Sur le second moyen du pourvoi principal

Enoncé du moyen

7. La société fait grief à l'arrêt de dire que la salariée devait être classée cadre, coefficient 135 de la convention collective nationale des ingénieurs et cadres de la métallurgie du 13 mars 1972 étendue, à compter du 1er janvier 2014 jusqu'au 11 mai 2016, date de son licenciement pour faute grave, pour un salaire mensuel en brut d'un montant de 5 000 euros pour un temps plein, de la condamner à lui payer certaines sommes au titre de la rupture, alors :

« 1°/ que pour déterminer la classification d'un salarié au regard des textes conventionnels applicables, le juge doit examiner les fonctions réellement exercées par le demandeur en considération des dispositions conventionnelles applicables ; qu'il incombe au salarié qui réclame le bénéfice d'une classification conventionnelle de rapporter la preuve qu'il exerce réellement les fonctions alléguées ; qu'en l'espèce, aucune pièce produite par la salariée n'établissait qu'elle exerçait le moindre encadrement du personnel "nécessaire" au bénéfice de la qualité de cadre, de sorte qu'elle ne pouvait ni bénéficier de ce statut, ni de l'augmentation de salaire subséquente ; qu'en faisant cependant droit à la demande de la salariée et juger qu'elle aurait "droit à un salaire de 5 000 euros" la cour d'appel a violé la convention collective départementale des industries métallurgiques, mécaniques et connexes de la Marne, ensemble le contrat de travail signé par les parties le 3 novembre 2004 ;

2°/ que la contradiction de motifs vaut défaut de motifs ; qu'en l'espèce, en jugeant que "la société Ligapal a accordé à Mme P..., en marge de tout document contractuel et des fonctions correspondantes, la qualification de cadre", cependant qu'elle constatait qu'un tel commandement nécessaire à cette qualification n'était pas exercé par l'intéressé, la cour d'appel s'est déterminée par des motifs contradictoires en violation de l'article 455 du code de procédure civile ;

3°/ que la cassation sur le premier moyen entraîne, en application de l'article 624 du code de procédure civile, la cassation par voie de conséquence des chefs de dispositif critiqués par le second moyen se rapportant aux conséquences indemnitaires de la rupture ainsi qu'aux diverses condamnations y afférent. »

Réponse de la Cour

8. D'abord, la cour d'appel ayant retenu, d'une part que la société avait accordé à la salariée, en marge de tout document contractuel et des fonctions correspondantes, la qualification de cadre, ce qui résultait notamment de la délégation de pouvoirs du 2 juin 2014 aux termes de laquelle le gérant de la société lui avait donné tout pouvoir en tant que cadre assistante de gestion pour signer pour lui et en son nom tout formulaire et document nécessaire à la gestion de l'entreprise, d'autre part qu'au vu de la convention collective des ingénieurs et cadres de la métallurgie du 13 mars 1972 à laquelle renvoyait, en son article 101, la convention collective applicable des industries métallurgiques, mécaniques et connexes de la Marne en ce qui concerne les ingénieurs et cadres, la salariée pouvait prétendre au coefficient 135 et que la société versait des salaires supérieurs aux minima garantis, le moyen n'est pas fondé en ses deux premières branches.
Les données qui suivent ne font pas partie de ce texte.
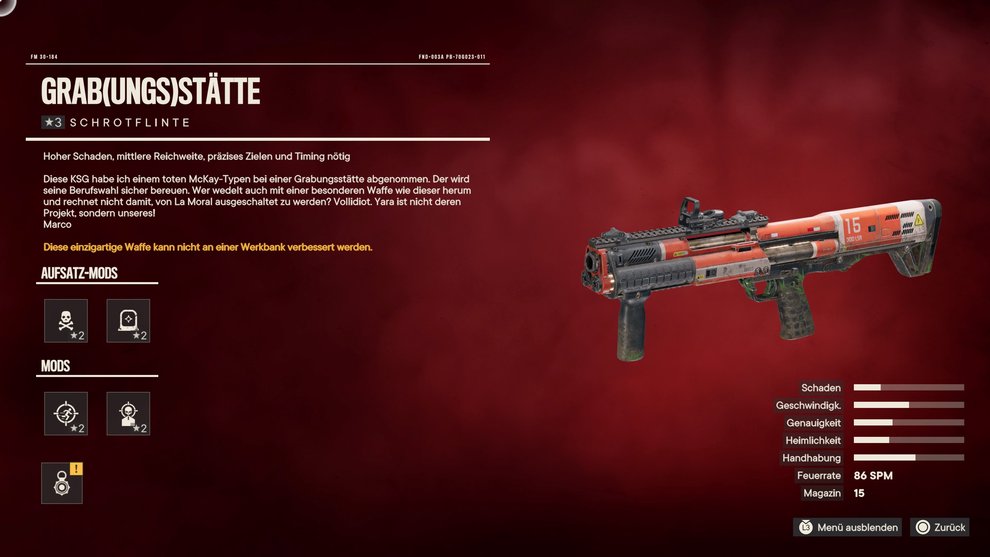 As a reward you will receive the unique shotgun "Excavation site" (Far Cry 6).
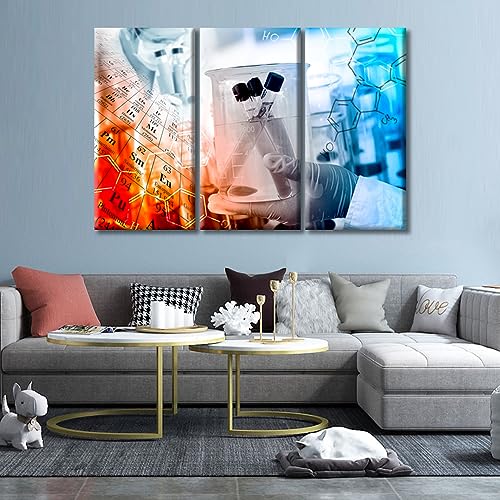Image of 3 Panels Laboratory Wall Art Chemical Equations and Periodic Table Background Posters & Prints Medical Examination Framed Wall Art Giclee Print Gallery Packaging Artwork Ready to Hang (60 inch Wx40 H)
9. Ensuite, le rejet du premier moyen rend sans objet la troisième branche du moyen qui tend à une cassation par voie de conséquence.

10. Dès lors, le moyen ne peut être accueilli en aucune de ses branches.

PAR CES MOTIFS, la Cour :

REJETTE le pourvoi principal et le pourvoi incident ;

Laisse à chaque partie la charge de ses dépens ;

En application de l'article 700 du code de procédure civile, rejette les demandes ;
Ainsi fait et jugé par la Cour de cassation, chambre sociale, et prononcé par le président en son audience publique du seize décembre deux mille vingt.

Le conseiller rapporteur le president

Le greffier de chambre

MOYENS ANNEXES au présent arrêt :

Moyens produits, au pourvoi principal, par la SCP Fabiani, Luc-Thaler et Pinatel, avocat aux Conseils, pour la société Ligapal

PREMIER MOYEN DE CASSATION :

IL EST FAIT GRIEF à l'arrêt attaqué d'AVOIR dit que la demande en résiliation judiciaire du contrat de travail était fondée et qu'elle produisait les effets d'un licenciement sans cause réelle et sérieuse ;

AUX MOTIFS QUE :

" 2°) Sur la demande en résiliation judiciaire du contrat de travail :

Cette demande a été introduite devant la juridiction prud'homale avant- le prononcé du licenciement de sorte qu'il incombe à la cour de statuer d'abord sur le bien-fondé de cette demande.

Le litige porte sur le bénéfice de la qualité de cadre.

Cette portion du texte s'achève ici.